Hill training route description
Winter 9 mile
The winter 9 is a hilly long run that should be tackled just below race pace.
Mountain Run
A social but hilly annual run
Fartlek
Fartlek is Swedish for ‘speed-play’.
It is an unstructured form of interval training with continuous movement.
“Unlike tempo and interval work, fartlek is unstructured and alternates between moderate to hard efforts with easy efforts throughout. After a warm-up, you play with speed by running at faster efforts for short periods of time (to that tree, to the sign) followed by easy-effort running to recover. The goal is to keep it free-flowing so you’re untethered to the watch or a plan, and to run at harder efforts but not a specific pace.”
From Runners World: What is the difference between fartlek, tempo, and interval runs.
Paarlauf
Paarlauf is a continuous relay involving two runners. (Paarlauf is german for ‘pairs’).
Two runners will run around a track in opposite directions: one running fast and the other running easy.

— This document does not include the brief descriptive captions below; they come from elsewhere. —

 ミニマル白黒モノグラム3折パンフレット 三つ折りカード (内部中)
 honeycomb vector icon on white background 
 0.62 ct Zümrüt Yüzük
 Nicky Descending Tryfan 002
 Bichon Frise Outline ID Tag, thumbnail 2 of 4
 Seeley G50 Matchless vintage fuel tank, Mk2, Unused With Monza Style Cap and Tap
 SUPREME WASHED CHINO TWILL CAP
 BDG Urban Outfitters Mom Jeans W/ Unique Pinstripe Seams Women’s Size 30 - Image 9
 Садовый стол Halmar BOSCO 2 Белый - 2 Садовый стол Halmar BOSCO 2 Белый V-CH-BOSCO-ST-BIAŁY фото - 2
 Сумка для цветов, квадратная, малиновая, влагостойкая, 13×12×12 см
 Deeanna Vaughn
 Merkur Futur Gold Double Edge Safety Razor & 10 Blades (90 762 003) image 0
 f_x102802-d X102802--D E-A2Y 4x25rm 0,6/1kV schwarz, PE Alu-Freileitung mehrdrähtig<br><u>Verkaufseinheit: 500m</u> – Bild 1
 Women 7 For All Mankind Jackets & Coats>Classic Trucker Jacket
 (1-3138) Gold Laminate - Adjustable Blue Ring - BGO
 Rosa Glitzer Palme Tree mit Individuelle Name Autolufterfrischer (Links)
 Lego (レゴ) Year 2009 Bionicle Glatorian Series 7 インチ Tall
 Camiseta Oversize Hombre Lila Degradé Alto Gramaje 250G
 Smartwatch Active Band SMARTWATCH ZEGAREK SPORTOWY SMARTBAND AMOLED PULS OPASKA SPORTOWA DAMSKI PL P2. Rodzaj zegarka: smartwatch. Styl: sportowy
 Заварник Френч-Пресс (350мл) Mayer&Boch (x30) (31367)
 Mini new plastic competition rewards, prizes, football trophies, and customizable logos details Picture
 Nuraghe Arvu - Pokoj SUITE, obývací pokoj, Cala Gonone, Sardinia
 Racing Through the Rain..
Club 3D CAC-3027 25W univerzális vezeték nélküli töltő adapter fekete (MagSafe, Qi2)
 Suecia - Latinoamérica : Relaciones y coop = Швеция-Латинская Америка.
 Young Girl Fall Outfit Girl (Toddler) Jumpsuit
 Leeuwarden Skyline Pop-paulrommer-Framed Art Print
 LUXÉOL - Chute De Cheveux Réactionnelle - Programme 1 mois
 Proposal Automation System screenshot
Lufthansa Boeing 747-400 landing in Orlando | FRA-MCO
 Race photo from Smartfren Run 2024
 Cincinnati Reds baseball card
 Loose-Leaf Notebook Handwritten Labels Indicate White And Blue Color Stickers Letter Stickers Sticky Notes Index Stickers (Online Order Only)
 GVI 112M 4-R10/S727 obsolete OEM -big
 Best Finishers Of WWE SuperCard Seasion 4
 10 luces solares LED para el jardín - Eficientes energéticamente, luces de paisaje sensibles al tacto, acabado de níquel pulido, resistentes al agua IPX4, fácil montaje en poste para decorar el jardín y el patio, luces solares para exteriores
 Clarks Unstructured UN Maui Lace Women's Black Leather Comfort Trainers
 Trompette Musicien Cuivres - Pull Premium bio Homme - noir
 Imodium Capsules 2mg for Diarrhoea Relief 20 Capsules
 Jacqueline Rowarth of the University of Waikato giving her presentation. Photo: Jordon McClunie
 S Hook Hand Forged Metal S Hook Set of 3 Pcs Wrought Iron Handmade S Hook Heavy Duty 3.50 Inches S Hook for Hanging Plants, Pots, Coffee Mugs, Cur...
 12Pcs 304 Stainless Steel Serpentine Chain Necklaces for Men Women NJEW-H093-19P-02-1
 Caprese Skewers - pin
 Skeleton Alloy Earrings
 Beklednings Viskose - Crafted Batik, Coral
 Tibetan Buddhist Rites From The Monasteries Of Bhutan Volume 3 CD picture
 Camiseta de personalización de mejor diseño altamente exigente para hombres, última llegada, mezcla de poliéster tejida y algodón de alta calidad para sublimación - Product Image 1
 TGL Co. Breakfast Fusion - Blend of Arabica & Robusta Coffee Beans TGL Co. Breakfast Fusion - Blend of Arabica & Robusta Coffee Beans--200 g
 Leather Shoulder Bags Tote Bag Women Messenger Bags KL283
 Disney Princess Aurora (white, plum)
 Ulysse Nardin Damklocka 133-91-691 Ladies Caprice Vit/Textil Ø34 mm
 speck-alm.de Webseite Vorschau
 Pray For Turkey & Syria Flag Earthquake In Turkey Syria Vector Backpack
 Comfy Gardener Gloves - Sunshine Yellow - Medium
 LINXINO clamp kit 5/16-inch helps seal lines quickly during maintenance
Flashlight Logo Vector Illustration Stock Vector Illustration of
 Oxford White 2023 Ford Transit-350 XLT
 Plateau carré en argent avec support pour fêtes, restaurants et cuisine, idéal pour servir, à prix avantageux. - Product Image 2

When they meet, they swap pace.
The fast runner begins their slow recovery jog and the easy runner begins their sprint.
This continues for a pre-set amount of time.
Progression
“These workouts start at a comfortable speed, gradually get faster, and wrap up at marathon, threshold, or even interval pace. This kind of acceleration offers your body an opportunity to warm up, helps develop your sense of pacing, and trains you to hold onto your speed–even when you’re slightly tired.”
From Runners World – Fast forward your pace.